Composite of Homeomorphisms between Metric Spaces is Homeomorphism
Theorem
Let $M_1, M_2, M_3$ be metric spaces.
Let $f: M_1 \to M_2$ and $g: M_2 \to M_3$ be homeomorphisms.
Then $g \circ f: M_1 \to M_3$ is also a homeomorphism.
Proof
By definition of homeomorphism, $f$ and $g$ are both bijections.
From Composite of Bijections is Bijection it follows that $g \circ f$ is also a bijection.
Similarly, also by definition of homeomorphism, $f$ and $g$ are both continuous mappings.
From Composite of Continuous Mappings on Metric Spaces is Continuous it follows that $g \circ f$ is also a continuous mapping.
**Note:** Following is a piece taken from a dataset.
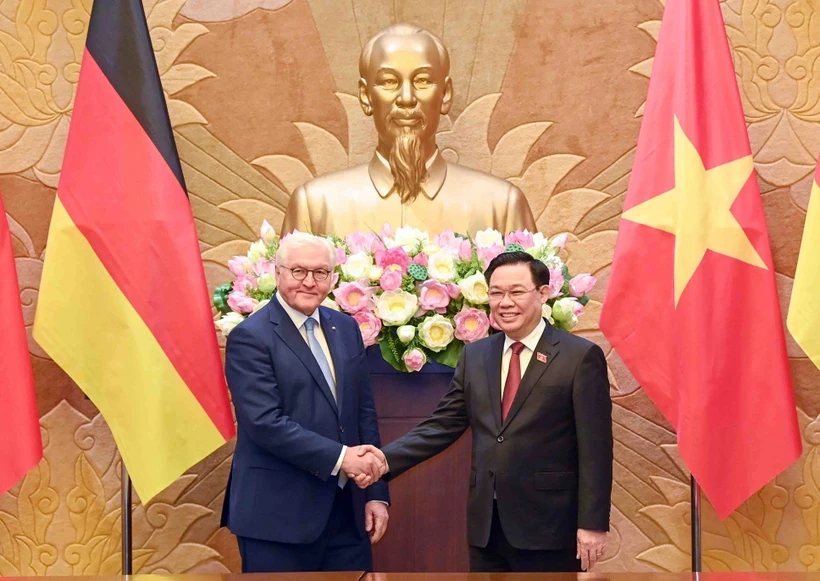 Chủ tịch Quốc hội Vương Đình Huệ và Tổng thống Đức Frank - Walter Steinmeier. Ảnh: TTXVN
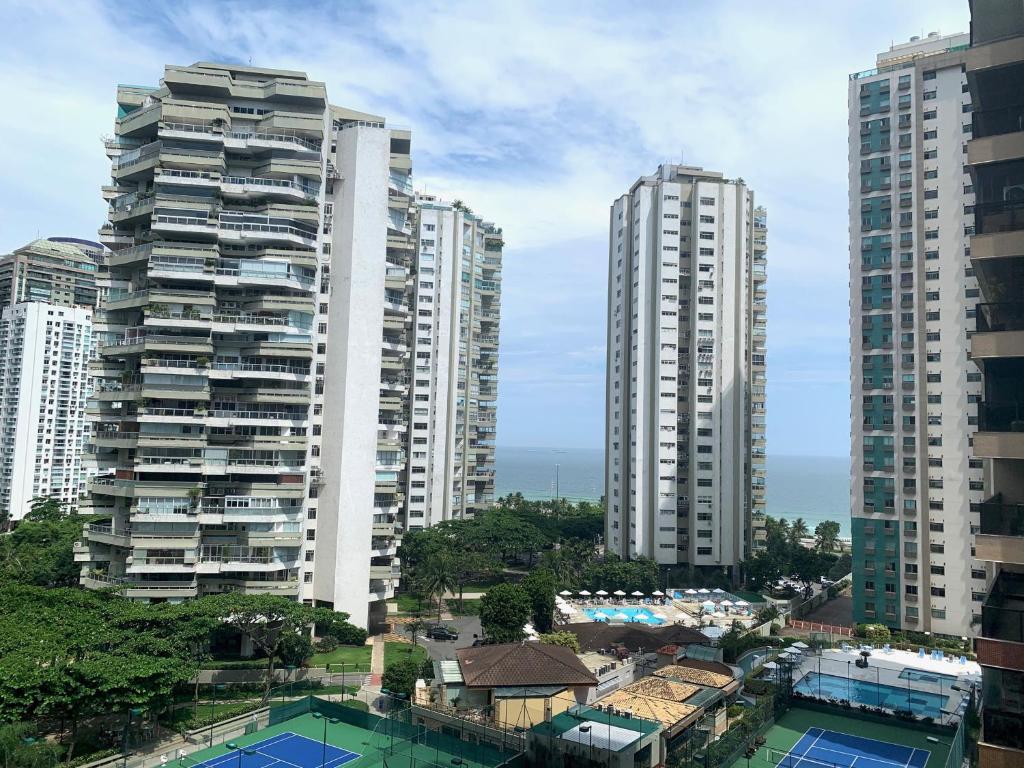 vistas a los edificios altos de una ciudad en Apartamento Praia Barra da Tijuca Wonderful Ocean Suites, en Río de Janeiro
From Inverse of Bijection is Bijection, $f^{-1}: M_2 \to M_1$ and $g^{-1}: M_3 \to M_2$ are also both bijections.
From Composite of Bijections is Bijection it follows that $f^{-1} \circ g^{-1} : M_3 \to M_1$ is also a bijection.
By definition of homeomorphism, $f^{-1}$ and $g^{-1}$ are both continuous mappings.
Again from Composite of Continuous Mappings on Metric Spaces is Continuous it follows that $f^{-1} \circ g^{-1}$ is also a continuous mapping.
Hence the result, from definition of homeomorphism.
$\blacksquare$